=== Section Start ===

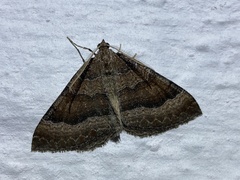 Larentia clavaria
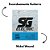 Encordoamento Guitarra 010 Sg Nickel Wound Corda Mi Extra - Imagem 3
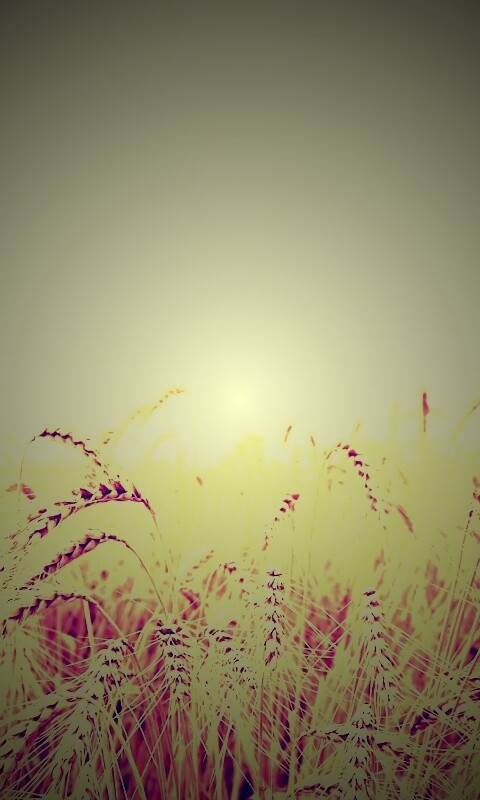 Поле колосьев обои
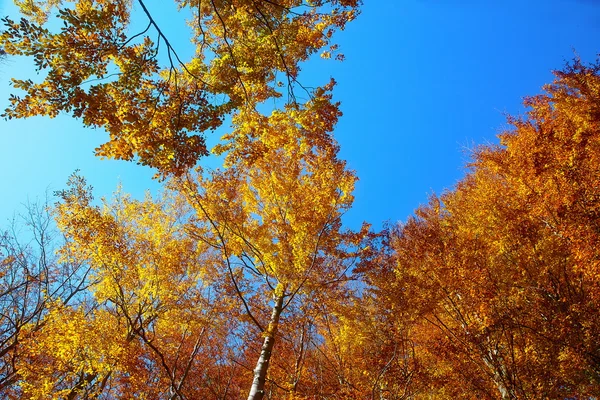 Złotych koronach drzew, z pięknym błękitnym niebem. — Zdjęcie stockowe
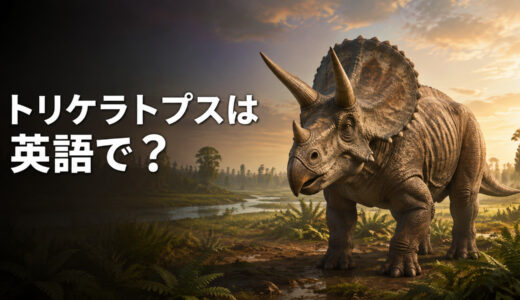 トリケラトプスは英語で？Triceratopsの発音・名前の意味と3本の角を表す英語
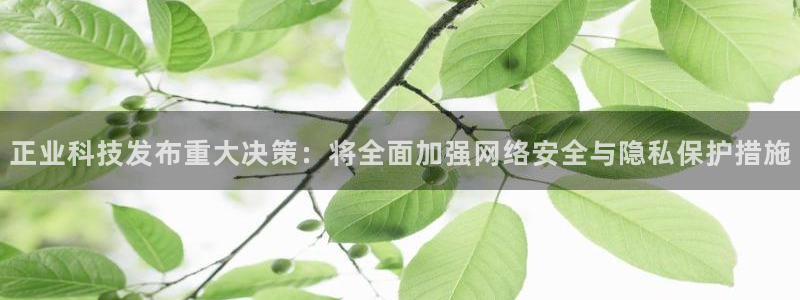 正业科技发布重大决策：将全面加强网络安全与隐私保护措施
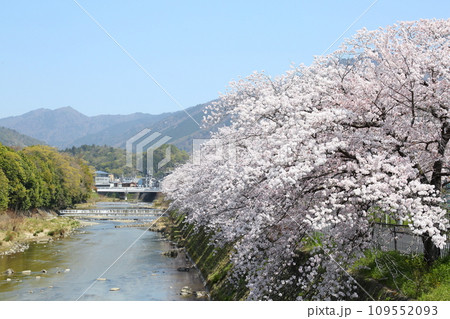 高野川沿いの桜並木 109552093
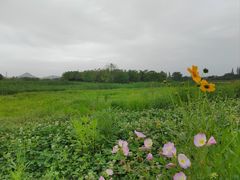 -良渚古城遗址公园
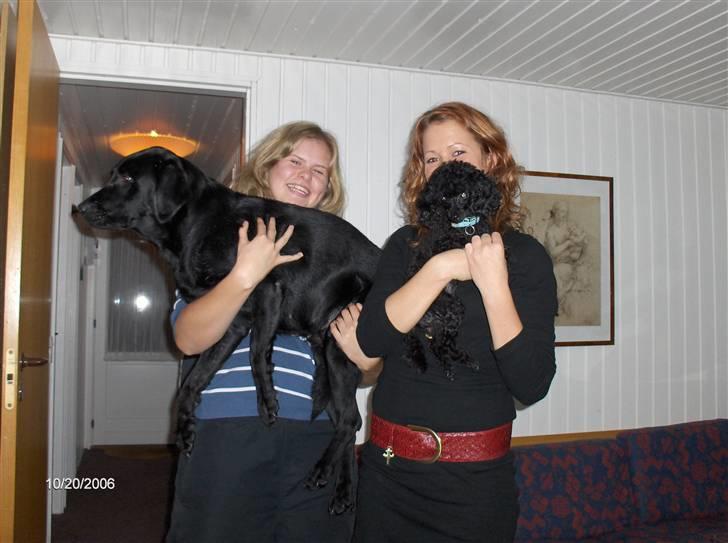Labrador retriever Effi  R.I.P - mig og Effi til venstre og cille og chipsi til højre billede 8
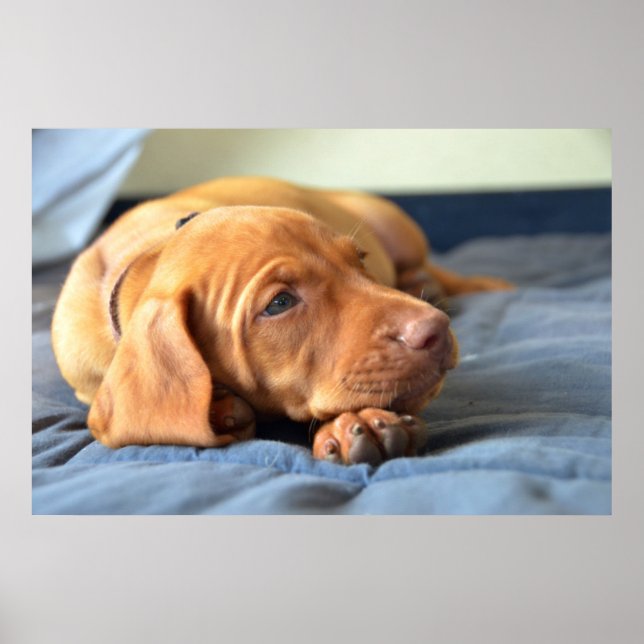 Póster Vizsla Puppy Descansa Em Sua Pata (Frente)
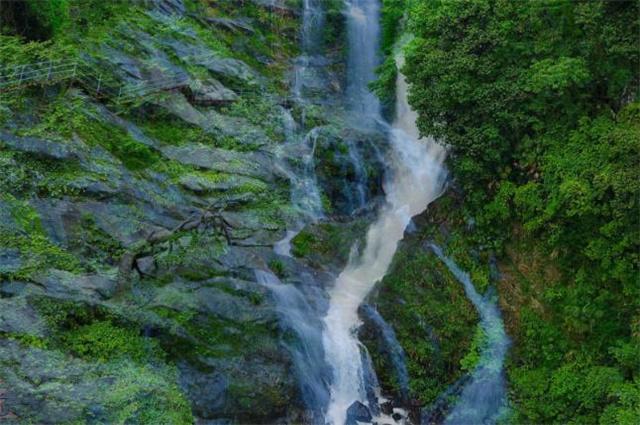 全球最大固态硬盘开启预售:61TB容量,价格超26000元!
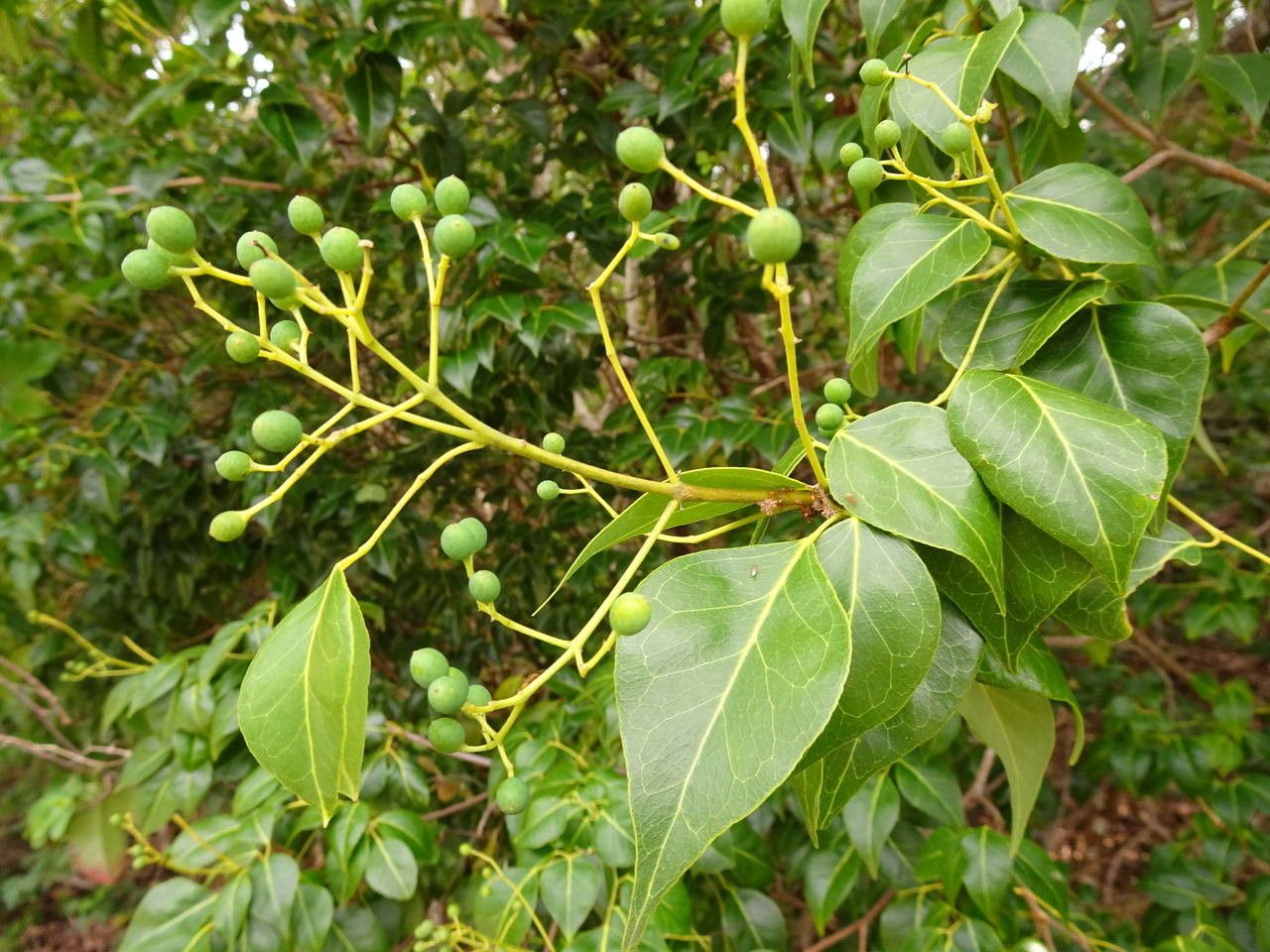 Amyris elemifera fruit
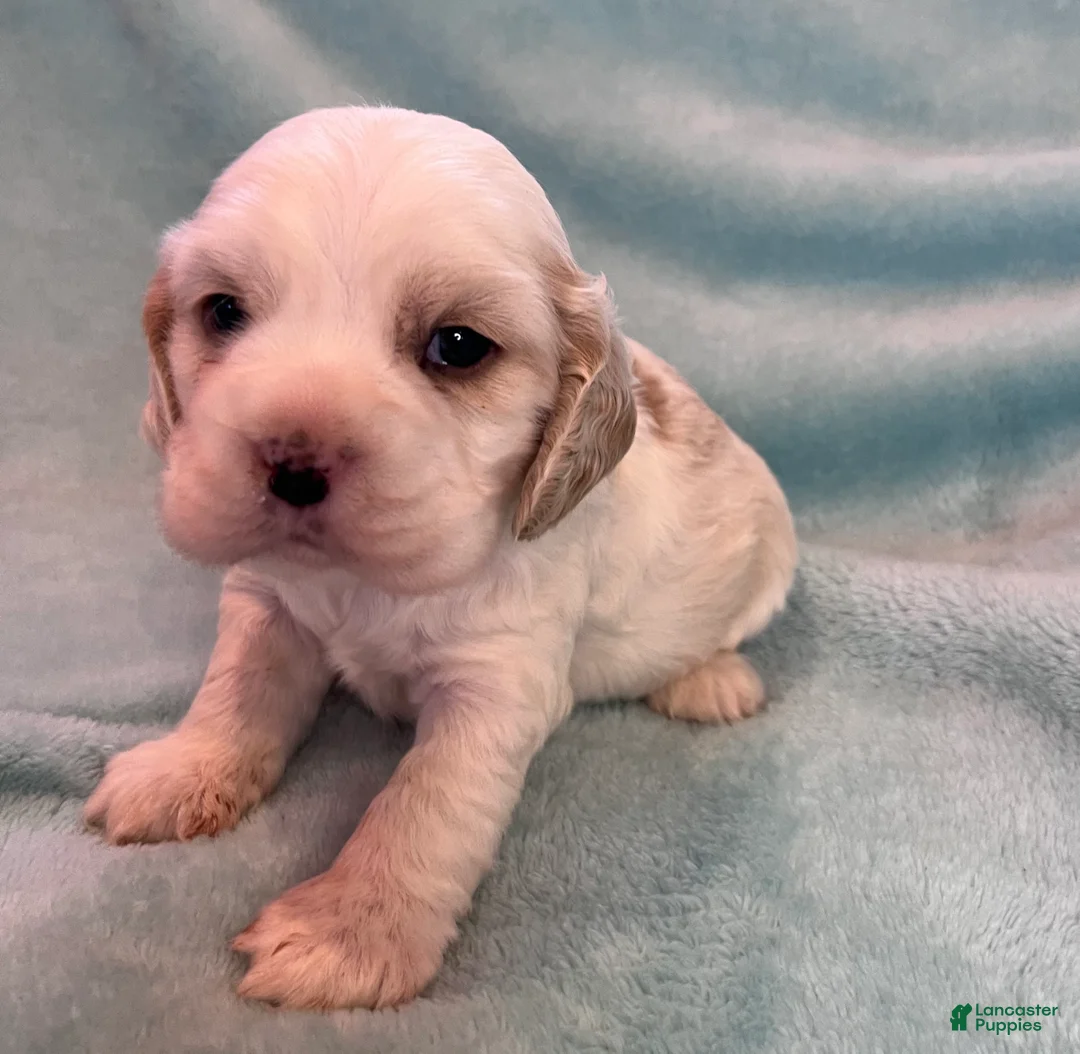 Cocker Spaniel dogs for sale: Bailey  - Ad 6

=== Section End ===

## To do
Nothing but the pictures may be dropped; output the records above exactly.

## Response below
 Larentia clavaria
 Encordoamento Guitarra 010 Sg Nickel Wound Corda Mi Extra - Imagem 3
 Поле колосьев обои
 Złotych koronach drzew, z pięknym błękitnym niebem. — Zdjęcie stockowe
 トリケラトプスは英語で？Triceratopsの発音・名前の意味と3本の角を表す英語
 正业科技发布重大决策：将全面加强网络安全与隐私保护措施
 高野川沿いの桜並木 109552093
 -良渚古城遗址公园
Labrador retriever Effi  R.I.P - mig og Effi til venstre og cille og chipsi til højre billede 8
 Póster Vizsla Puppy Descansa Em Sua Pata (Frente)
 全球最大固态硬盘开启预售:61TB容量,价格超26000元!
 Amyris elemifera fruit
 Cocker Spaniel dogs for sale: Bailey  - Ad 6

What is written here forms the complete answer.